Sir, – George Herbert has a beautiful line in his poem Prayer (1) “Church bells beyond the stars heard”. This is the wish and prayer for Notre Dame cathedral and Paris. – Yours, etc,
Balbriggan, Co Dublin.
Sir, – In one sense it is indeed heartening to see the immediate French financial response to the destruction of the Notre Dame cathedral.
No-one could argue with the iconic stature of this magnificent building and its importance for the French. However, there are millions who live in poverty in former French colonies throughout the world who would have been more than grateful for as swift a response to their humanitarian plight.
It seems that almost a billion euro overnight has been pledged to the reconstruction of Notre Dame.
What a difference this would make in South Sudan or in the Republic of Congo. Nobody died, thankfully, on Monday in Paris. Unfortunately this cannot be said of Sudan or the Congo. – Yours, etc,
Dún Laoghaire, Co Dublin.
Sir, – With the burning down of Notre Dame, the world has lost one of its most beautiful architectural jewels.

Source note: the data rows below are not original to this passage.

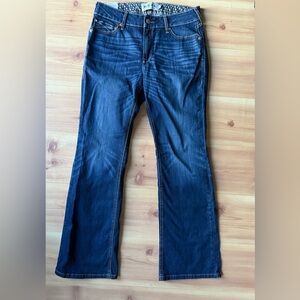 Ariat Real Boot Cut Jeans in Deep Indigo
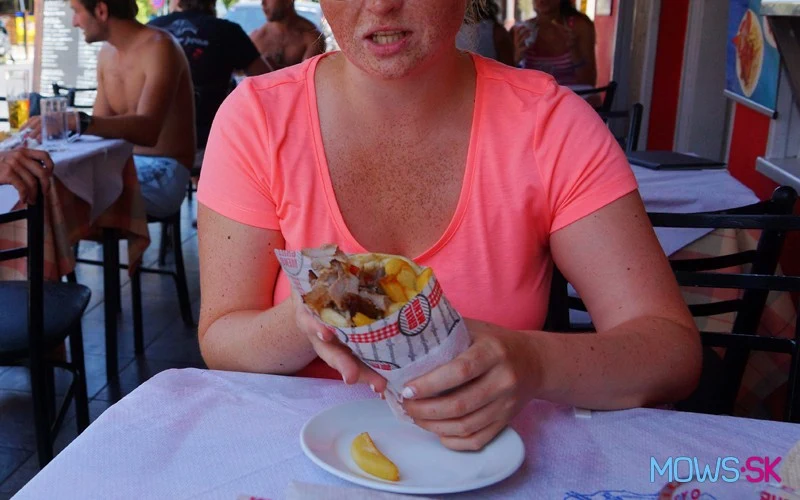 Kebab v Nidri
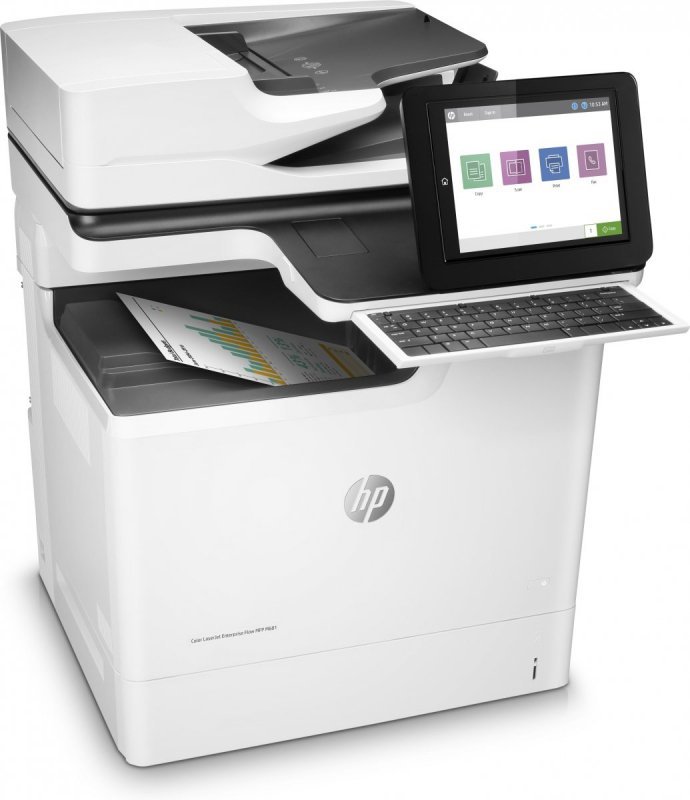 HP Urządzenie wielofunkcyjne Color LaserJet Enterprise MFP M681f J8A11A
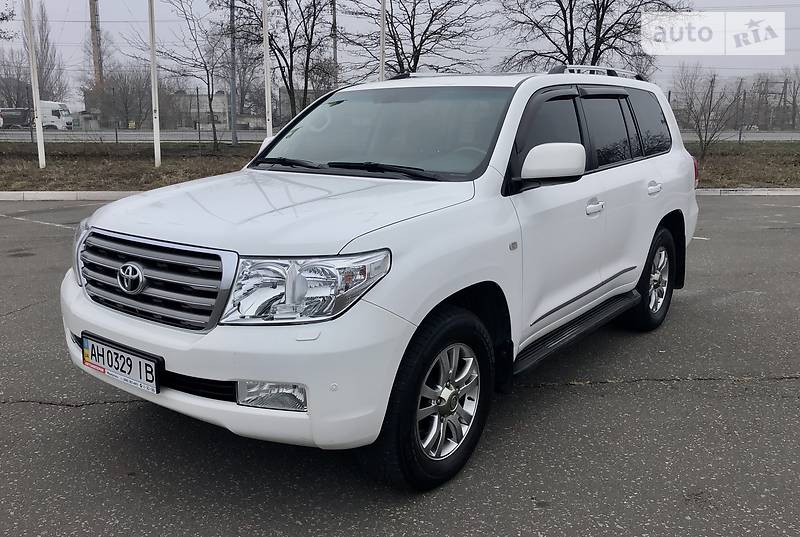 Позашляховик / Кросовер Toyota Land Cruiser 2011 в Маріуполі фото Позашляховик / Кросовер Toyota Land Cruiser 2011 в Маріуполі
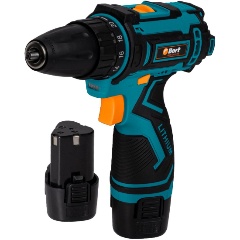 Изображение товара Дрель-шуруповерт аккумуляторная Bort BAB-12x2Li-FD
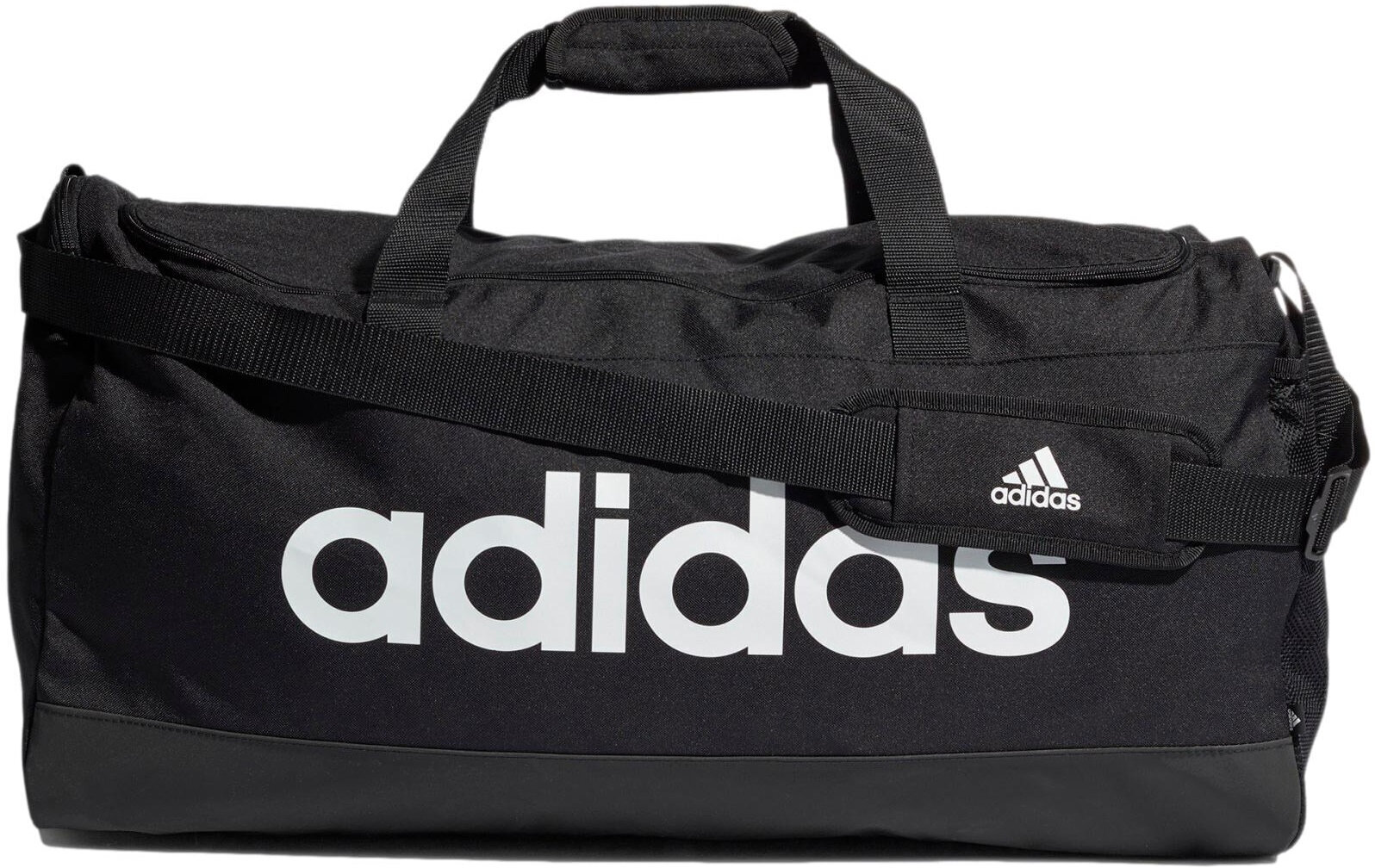 Linear duffel l adidas performance unisex black gn2044 hinta ja tiedot | Urheilukassit ja reput | hobbyhall.fi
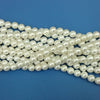 Perles de coquillage blanches 2 mm 3 mm 4 mm 6 mm 8 mm 10 mm 12 mm 14 mm 15''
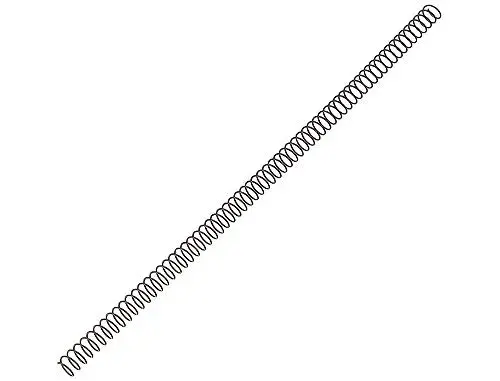 Q-Connect Espiral Metálica 6mm 20 Folhas Caixa 200 unidades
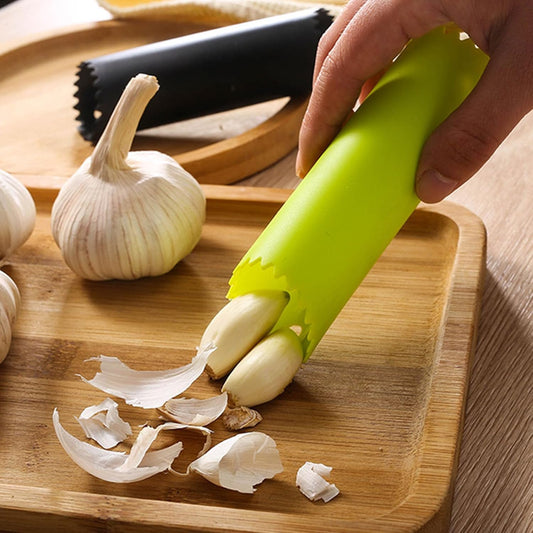 Garlic Peeler, Garlic Tube Rollers Skin Remover Peeling Tube Tool for Useful Kitchen Tools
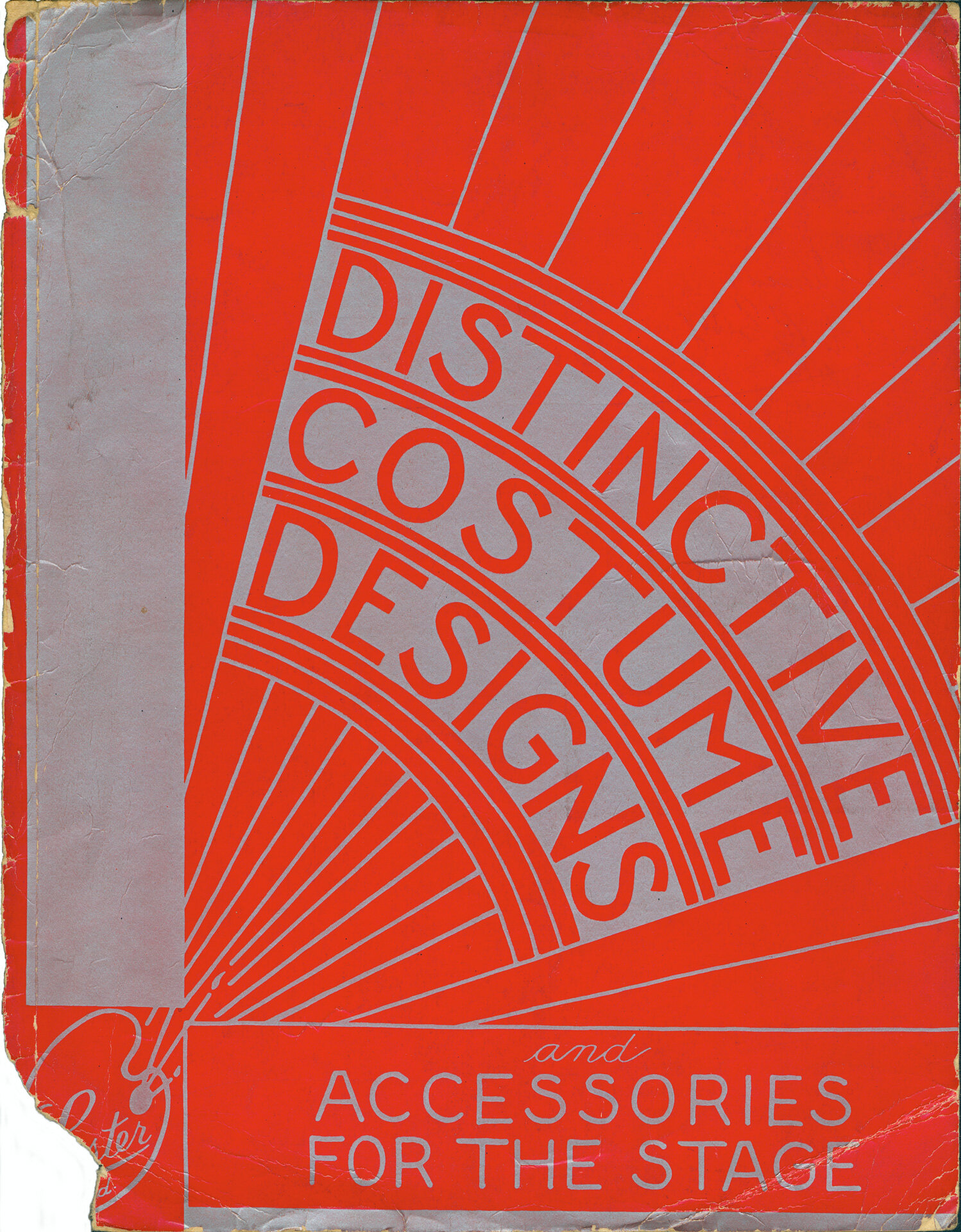 Lester Ltd.'s Distinctive Costume Designs catalogue, Chicago, 1935 (Cover)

Countless French monarchs were crowned there; and it witnessed the French revolution, the Napoleonic era, the Paris commune, two world wars and terrorist attacks. And while the outpouring of shock and grief is natural at the destruction of such an ancient landmark, one cannot help but wish the same amount of shock and outrage were directed towards the destruction of our most beautiful landmark – the natural world.
It astounds me that many people still do not understand the urgency with which we need to up the ante and make real changes to ensure the natural world is still there for future generations.
Man has proven the most destructive species on this planet. We have carved up the Earth like our own personal playground with little or no thought to how we have significantly disrupted the fine balance of mother nature. We have manipulated species to serve our labour and our pleasure; and we have ruthlessly hunted many to the brink of extinction.
While the loss of a piece of history is tragic, we can rebuild.
Sadly, if we refuse to mourn the loss of our natural treasures, there will be no rebuilding. Our manipulation and rapacity shall prove irreversible – it is nature that more urgently requires your cri de coeur. – Yours, etc,
Sir, – Watching the terrible scenes from Paris on Monday night, tears rolled down my cheeks, as I recalled family holidays in France. My late wife, Bridget was an avowed Francophile, and some of those holidays had a real cultural style about them – she being an avid historian and educator.
In particular, I recall attending Mass in Notre Dame a number of times. Whether on a Sunday or a weekday, it was always an occasion to remember. The priest celebrating would always finish up with these words, spoken in beautiful French: “Notre Dame de Paris, priez pour nous”.
May we all show solidarity with the people of France in the face of this tragedy, and if and when the call comes subscribe to the restoration of this iconic edifice – whatever the cost, and however long it takes. As Gaudi, architect of Sagrada Familia in Barcelona is reputed to have said: “My client is not in a hurry.” – Yours, etc,
Rathfarnham, Dublin 14.
Sir, – In the aftermath of the Notre Dame fire, so many donors, from states to individuals are most welcome. It is an iconic building. It will rise from the ashes in time.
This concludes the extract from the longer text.